Stored items:
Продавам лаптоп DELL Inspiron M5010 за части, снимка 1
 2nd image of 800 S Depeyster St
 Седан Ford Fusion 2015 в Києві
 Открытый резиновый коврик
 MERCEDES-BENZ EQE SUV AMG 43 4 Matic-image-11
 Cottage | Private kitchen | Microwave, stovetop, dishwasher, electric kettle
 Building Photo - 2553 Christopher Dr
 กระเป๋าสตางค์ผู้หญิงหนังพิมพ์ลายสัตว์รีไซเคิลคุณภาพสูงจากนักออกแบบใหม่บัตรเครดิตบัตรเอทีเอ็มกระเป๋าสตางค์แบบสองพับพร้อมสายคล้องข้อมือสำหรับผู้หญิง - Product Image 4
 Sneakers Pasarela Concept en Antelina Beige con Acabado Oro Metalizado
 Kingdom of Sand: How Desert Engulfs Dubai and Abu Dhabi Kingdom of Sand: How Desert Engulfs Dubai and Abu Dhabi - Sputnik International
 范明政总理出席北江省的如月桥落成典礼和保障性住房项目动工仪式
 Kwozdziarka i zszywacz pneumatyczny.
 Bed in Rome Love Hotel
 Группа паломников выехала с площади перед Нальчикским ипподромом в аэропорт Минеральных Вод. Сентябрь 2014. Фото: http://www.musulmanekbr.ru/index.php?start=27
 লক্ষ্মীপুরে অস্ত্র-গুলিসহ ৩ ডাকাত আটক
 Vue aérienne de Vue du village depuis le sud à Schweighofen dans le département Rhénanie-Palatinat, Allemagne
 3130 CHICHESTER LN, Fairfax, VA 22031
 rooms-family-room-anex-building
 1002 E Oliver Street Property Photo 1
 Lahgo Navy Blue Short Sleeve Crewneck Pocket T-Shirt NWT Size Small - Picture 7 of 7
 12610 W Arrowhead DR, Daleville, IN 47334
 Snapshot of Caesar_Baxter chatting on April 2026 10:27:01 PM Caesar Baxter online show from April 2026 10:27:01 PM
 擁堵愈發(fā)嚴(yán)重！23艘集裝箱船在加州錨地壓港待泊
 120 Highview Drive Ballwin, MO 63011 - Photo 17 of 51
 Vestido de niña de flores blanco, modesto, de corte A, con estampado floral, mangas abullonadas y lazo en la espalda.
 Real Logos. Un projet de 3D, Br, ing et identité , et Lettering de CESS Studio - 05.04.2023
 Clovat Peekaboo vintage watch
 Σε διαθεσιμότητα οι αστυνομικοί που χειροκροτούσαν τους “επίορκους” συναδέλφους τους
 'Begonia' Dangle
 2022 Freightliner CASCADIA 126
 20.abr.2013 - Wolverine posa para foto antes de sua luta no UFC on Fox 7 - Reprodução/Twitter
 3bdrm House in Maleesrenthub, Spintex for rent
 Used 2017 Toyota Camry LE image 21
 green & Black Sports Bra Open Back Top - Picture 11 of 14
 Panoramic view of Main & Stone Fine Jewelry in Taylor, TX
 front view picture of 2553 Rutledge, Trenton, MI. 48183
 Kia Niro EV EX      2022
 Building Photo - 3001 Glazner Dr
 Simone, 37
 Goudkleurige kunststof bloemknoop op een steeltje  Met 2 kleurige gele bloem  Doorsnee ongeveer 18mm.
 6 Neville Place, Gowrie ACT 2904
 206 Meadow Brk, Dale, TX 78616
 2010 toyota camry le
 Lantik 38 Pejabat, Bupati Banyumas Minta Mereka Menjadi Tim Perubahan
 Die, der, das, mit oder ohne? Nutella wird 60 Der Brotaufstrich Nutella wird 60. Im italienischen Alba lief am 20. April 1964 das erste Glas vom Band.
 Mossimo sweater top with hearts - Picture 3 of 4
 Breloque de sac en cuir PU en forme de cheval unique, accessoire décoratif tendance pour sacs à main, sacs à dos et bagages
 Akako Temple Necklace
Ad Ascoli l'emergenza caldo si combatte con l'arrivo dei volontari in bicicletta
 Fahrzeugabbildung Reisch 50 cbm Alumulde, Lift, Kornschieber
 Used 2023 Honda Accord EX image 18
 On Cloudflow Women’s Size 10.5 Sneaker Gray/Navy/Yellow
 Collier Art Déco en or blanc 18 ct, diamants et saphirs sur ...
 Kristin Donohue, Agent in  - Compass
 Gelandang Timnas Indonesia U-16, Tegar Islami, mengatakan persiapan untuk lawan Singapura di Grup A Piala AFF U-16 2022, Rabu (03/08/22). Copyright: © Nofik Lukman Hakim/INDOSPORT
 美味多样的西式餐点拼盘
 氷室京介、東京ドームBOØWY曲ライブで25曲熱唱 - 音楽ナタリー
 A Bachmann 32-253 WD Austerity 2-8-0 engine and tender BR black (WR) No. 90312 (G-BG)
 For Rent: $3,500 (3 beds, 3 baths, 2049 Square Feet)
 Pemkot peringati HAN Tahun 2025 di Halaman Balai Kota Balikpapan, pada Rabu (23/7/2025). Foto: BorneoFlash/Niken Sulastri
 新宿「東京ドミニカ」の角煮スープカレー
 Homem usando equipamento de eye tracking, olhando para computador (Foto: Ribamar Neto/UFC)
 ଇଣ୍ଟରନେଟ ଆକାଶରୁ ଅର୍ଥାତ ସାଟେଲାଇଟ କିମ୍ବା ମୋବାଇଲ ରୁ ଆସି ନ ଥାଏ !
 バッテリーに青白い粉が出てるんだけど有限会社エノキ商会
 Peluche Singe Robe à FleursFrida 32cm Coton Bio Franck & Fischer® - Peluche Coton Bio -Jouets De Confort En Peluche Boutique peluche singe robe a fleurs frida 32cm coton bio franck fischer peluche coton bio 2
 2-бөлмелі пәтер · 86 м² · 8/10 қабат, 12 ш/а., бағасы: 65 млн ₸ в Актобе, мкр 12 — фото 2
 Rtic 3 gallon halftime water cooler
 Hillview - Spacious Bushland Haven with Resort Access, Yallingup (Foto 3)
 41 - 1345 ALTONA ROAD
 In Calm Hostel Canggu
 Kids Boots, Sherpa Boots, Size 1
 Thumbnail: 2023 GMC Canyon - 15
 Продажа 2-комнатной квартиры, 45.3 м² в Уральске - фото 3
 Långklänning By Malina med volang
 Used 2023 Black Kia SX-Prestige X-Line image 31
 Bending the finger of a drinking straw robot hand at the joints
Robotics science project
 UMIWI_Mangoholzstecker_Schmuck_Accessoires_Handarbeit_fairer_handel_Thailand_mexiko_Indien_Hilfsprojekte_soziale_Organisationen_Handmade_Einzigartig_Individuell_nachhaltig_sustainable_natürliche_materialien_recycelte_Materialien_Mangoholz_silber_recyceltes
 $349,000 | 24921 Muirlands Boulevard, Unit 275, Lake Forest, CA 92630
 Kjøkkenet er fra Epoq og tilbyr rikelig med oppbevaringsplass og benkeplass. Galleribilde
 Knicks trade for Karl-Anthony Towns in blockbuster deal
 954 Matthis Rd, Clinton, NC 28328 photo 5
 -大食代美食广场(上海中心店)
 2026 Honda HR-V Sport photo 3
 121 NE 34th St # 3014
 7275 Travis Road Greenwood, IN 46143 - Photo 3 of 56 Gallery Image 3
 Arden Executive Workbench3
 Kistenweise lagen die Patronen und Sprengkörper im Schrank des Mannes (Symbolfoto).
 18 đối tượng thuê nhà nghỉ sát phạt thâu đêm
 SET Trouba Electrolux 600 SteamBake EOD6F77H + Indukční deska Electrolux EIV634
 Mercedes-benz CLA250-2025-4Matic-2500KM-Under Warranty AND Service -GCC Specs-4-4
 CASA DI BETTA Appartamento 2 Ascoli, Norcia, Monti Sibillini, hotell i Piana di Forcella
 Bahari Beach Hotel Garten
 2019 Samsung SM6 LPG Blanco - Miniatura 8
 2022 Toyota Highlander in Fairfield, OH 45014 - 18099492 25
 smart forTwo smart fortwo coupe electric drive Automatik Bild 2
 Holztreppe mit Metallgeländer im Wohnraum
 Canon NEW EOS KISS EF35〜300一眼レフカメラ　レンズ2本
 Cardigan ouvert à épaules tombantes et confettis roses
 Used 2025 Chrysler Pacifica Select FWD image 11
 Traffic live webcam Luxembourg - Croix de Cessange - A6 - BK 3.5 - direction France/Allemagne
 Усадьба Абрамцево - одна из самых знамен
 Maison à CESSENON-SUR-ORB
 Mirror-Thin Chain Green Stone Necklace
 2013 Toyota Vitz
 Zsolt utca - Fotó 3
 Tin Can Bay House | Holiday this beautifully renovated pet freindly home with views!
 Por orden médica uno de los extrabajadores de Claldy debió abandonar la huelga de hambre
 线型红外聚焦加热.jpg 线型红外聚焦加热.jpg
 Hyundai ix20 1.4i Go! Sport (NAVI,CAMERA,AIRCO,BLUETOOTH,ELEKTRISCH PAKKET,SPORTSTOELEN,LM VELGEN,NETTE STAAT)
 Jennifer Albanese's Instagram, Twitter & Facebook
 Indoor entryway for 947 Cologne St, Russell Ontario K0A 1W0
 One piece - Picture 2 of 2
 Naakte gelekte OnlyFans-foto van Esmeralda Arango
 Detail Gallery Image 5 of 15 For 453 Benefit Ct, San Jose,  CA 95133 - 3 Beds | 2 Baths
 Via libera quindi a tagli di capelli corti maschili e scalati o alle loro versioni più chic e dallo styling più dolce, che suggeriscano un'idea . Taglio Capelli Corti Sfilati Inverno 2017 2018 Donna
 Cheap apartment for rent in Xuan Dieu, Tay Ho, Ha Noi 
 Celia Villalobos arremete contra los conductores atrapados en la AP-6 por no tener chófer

__Task details__
An exact copy of the lines above, from the one containing "206 Meadow Brk, Dale, TX 78616" down to the one containing "Pemkot peringati HAN" and including both, is the whole answer; retype it and nothing else.

__Your response__
 206 Meadow Brk, Dale, TX 78616
 2010 toyota camry le
 Lantik 38 Pejabat, Bupati Banyumas Minta Mereka Menjadi Tim Perubahan
 Die, der, das, mit oder ohne? Nutella wird 60 Der Brotaufstrich Nutella wird 60. Im italienischen Alba lief am 20. April 1964 das erste Glas vom Band.
 Mossimo sweater top with hearts - Picture 3 of 4
 Breloque de sac en cuir PU en forme de cheval unique, accessoire décoratif tendance pour sacs à main, sacs à dos et bagages
 Akako Temple Necklace
Ad Ascoli l'emergenza caldo si combatte con l'arrivo dei volontari in bicicletta
 Fahrzeugabbildung Reisch 50 cbm Alumulde, Lift, Kornschieber
 Used 2023 Honda Accord EX image 18
 On Cloudflow Women’s Size 10.5 Sneaker Gray/Navy/Yellow
 Collier Art Déco en or blanc 18 ct, diamants et saphirs sur ...
 Kristin Donohue, Agent in  - Compass
 Gelandang Timnas Indonesia U-16, Tegar Islami, mengatakan persiapan untuk lawan Singapura di Grup A Piala AFF U-16 2022, Rabu (03/08/22). Copyright: © Nofik Lukman Hakim/INDOSPORT
 美味多样的西式餐点拼盘
 氷室京介、東京ドームBOØWY曲ライブで25曲熱唱 - 音楽ナタリー
 A Bachmann 32-253 WD Austerity 2-8-0 engine and tender BR black (WR) No. 90312 (G-BG)
 For Rent: $3,500 (3 beds, 3 baths, 2049 Square Feet)
 Pemkot peringati HAN Tahun 2025 di Halaman Balai Kota Balikpapan, pada Rabu (23/7/2025). Foto: BorneoFlash/Niken Sulastri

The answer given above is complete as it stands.